But Sanjay saw what others missed. India's telecom revolution was just beginning—teledensity was under 3%, mobile phones were luxury items, and the government was about to embark on one of the world's most ambitious connectivity programs. Someone would need to build the infrastructure. Why not an Indian company?
The founding of Tejas Networks in May 2000 wasn't just about starting a company—it was about challenging the fundamental assumption that India could only do services, not products. That complex engineering was somehow beyond Indian capabilities. That competing with global giants was a fool's errand.
Eleven years later, when ELCINA awarded Sanjay "Electronics Man of the Year 2011," the citation read: "For proving that world-class products can be designed and manufactured in India." But in 2000, that proof was still a distant dream. The real question was whether they'd survive long enough to prove anything at all.
III. Early Years: Building During the Telecom Winter (2000–2007)
The conference room at BSNL headquarters in Delhi, 2002. Sanjay Nayak and his team are presenting their optical networking solution. The government officials look skeptical. "Why should we buy from you?" asks a senior bureaucrat. "Lucent, Nortel, Siemens—these companies have been doing this for decades. You've been around for two years. What's your installed base?" The answer—zero meaningful deployments—hangs in the air like smoke from a burnt circuit board.

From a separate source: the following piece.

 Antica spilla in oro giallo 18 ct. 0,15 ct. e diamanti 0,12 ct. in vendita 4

This was the reality Tejas faced in its early years. They'd developed intelligent network technologies that could transfer data between two points at precisely the speed customers required—a technical achievement that impressed engineers but meant nothing to buyers who'd never heard of them. Product development in India was unprecedented, and customers were understandably skeptical. Could an Indian startup really build carrier-grade equipment that wouldn't fail when millions of subscribers depended on it?
The global environment made everything worse. The telecom winter had set in—Nortel's stock had fallen 95%, Lucent was laying off thousands, and venture capital for telecom equipment had dried up faster than water in the Thar Desert. Yet somehow, against all logic, Tejas Networks managed to raise $100 million in venture funding between 2000 and 2007. Intel Capital, Mayfield Fund, and Battery Ventures all bought into the vision, though not without serious arm-twisting and multiple pivots in the pitch deck.

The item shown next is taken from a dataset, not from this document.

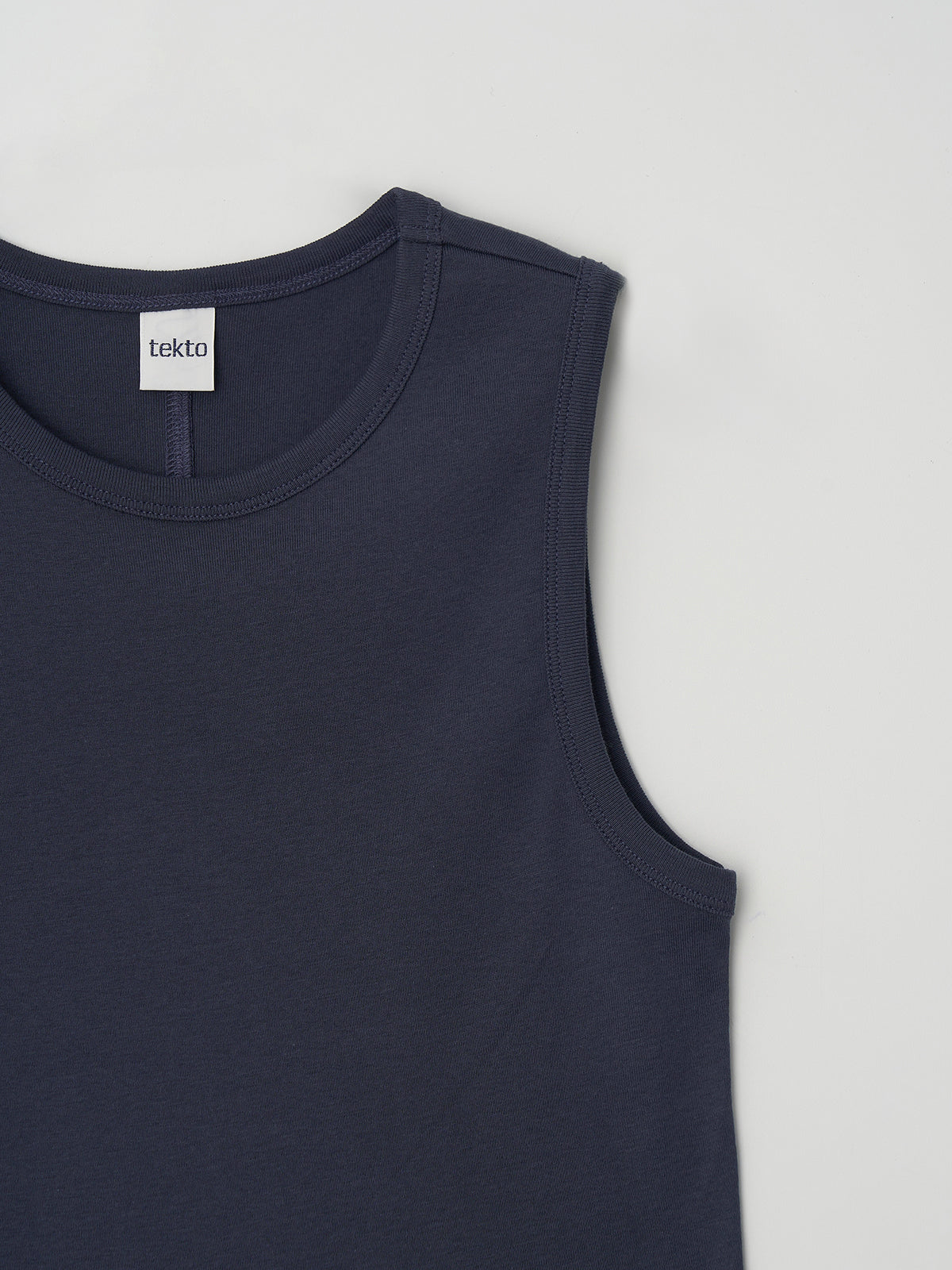 Tekto Zoe round sleeveless_navy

Then came the night that almost ended everything. January 2004, 2 AM. Sanjay's phone rings. The Tejas facility is on fire. Not a small electrical fire—a full-blown inferno that would destroy most of their infrastructure, prototypes, and test equipment. By dawn, years of work had turned to ash and twisted metal. The team gathered in the parking lot, some crying, others in shock. Insurance would cover maybe 40% of the losses. The venture investors were already nervous. This could be the excuse everyone needed to shut things down.
But here's where the Tejas story diverges from the typical startup narrative. Instead of pivoting or shutting down, leadership made a radical decision: senior executives would take 50% salary cuts, but not a single junior engineer would be laid off. "We told the team—we've lost our equipment, but we haven't lost our knowledge," Sanjay recalled. "We can rebuild the products. We can't rebuild the team."
The response was extraordinary. Engineers worked 16-hour days to recreate designs from memory. Customers who'd been skeptical suddenly became supportive—if this company could survive a fire and keep their commitments, maybe they were worth betting on. Within six months, Tejas had not only recovered but accelerated product development. The TJ100 series of optical add-drop multiplexers started winning contracts, first small ones from private operators, then larger ones from BSNL.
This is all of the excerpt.